» The task: Return precisely the opening lines of the listing below, ending with the line that contains "lot 72 image: Three".

» Data for analysis:

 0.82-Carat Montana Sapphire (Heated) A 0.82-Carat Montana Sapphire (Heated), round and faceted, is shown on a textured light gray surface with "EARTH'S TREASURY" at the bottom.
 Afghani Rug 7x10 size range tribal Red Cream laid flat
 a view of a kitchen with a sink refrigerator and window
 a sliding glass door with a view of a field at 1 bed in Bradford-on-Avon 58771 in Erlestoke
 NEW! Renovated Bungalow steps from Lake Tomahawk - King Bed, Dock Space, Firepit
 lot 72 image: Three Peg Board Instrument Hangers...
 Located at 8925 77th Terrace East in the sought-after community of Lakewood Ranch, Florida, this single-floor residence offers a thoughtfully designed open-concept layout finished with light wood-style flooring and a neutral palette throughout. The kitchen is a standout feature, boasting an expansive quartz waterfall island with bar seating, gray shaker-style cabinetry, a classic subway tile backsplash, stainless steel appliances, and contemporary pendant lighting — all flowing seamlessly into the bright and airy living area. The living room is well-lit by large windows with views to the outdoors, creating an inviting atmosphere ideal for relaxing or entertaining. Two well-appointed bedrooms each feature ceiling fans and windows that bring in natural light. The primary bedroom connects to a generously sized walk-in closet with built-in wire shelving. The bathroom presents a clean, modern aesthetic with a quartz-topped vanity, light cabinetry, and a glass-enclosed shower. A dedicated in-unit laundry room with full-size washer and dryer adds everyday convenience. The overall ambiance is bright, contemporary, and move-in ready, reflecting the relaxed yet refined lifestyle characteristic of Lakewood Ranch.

» Task result:
 0.82-Carat Montana Sapphire (Heated) A 0.82-Carat Montana Sapphire (Heated), round and faceted, is shown on a textured light gray surface with "EARTH'S TREASURY" at the bottom.
 Afghani Rug 7x10 size range tribal Red Cream laid flat
 a view of a kitchen with a sink refrigerator and window
 a sliding glass door with a view of a field at 1 bed in Bradford-on-Avon 58771 in Erlestoke
 NEW! Renovated Bungalow steps from Lake Tomahawk - King Bed, Dock Space, Firepit
 lot 72 image: Three Peg Board Instrument Hangers...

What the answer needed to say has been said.